(Dataset records)
========

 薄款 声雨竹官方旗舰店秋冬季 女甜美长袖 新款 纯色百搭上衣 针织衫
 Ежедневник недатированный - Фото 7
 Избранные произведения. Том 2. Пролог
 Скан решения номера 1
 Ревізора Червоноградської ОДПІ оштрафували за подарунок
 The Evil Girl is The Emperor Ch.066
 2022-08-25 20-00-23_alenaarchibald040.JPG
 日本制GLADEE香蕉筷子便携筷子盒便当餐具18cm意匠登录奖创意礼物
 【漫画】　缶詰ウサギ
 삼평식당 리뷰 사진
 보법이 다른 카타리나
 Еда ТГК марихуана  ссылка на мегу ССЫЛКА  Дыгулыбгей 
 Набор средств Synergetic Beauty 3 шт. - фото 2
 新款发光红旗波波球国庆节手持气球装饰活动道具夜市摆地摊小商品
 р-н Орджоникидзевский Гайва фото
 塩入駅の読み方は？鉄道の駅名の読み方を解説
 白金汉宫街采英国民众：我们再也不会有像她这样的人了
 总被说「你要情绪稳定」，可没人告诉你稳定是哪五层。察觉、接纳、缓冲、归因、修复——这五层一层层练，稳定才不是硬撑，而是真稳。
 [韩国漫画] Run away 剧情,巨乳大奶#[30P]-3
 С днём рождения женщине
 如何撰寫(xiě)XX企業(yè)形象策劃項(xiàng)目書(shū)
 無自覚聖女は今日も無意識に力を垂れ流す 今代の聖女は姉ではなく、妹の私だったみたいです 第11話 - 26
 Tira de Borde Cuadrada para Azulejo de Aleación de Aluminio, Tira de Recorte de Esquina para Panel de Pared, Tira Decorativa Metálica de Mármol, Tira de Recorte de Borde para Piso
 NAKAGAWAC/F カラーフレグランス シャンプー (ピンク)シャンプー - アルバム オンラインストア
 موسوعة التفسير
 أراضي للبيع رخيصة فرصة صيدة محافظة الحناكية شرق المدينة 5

========

**Required action**
Each line above, from the one that contains "总被说「你要情绪稳定」，可没" to the last line of the records, should be repeated exactly. Leave out all others.

**Output for this exercise**
 总被说「你要情绪稳定」，可没人告诉你稳定是哪五层。察觉、接纳、缓冲、归因、修复——这五层一层层练，稳定才不是硬撑，而是真稳。
 [韩国漫画] Run away 剧情,巨乳大奶#[30P]-3
 С днём рождения женщине
 如何撰寫(xiě)XX企業(yè)形象策劃項(xiàng)目書(shū)
 無自覚聖女は今日も無意識に力を垂れ流す 今代の聖女は姉ではなく、妹の私だったみたいです 第11話 - 26
 Tira de Borde Cuadrada para Azulejo de Aleación de Aluminio, Tira de Recorte de Esquina para Panel de Pared, Tira Decorativa Metálica de Mármol, Tira de Recorte de Borde para Piso
 NAKAGAWAC/F カラーフレグランス シャンプー (ピンク)シャンプー - アルバム オンラインストア
 موسوعة التفسير
 أراضي للبيع رخيصة فرصة صيدة محافظة الحناكية شرق المدينة 5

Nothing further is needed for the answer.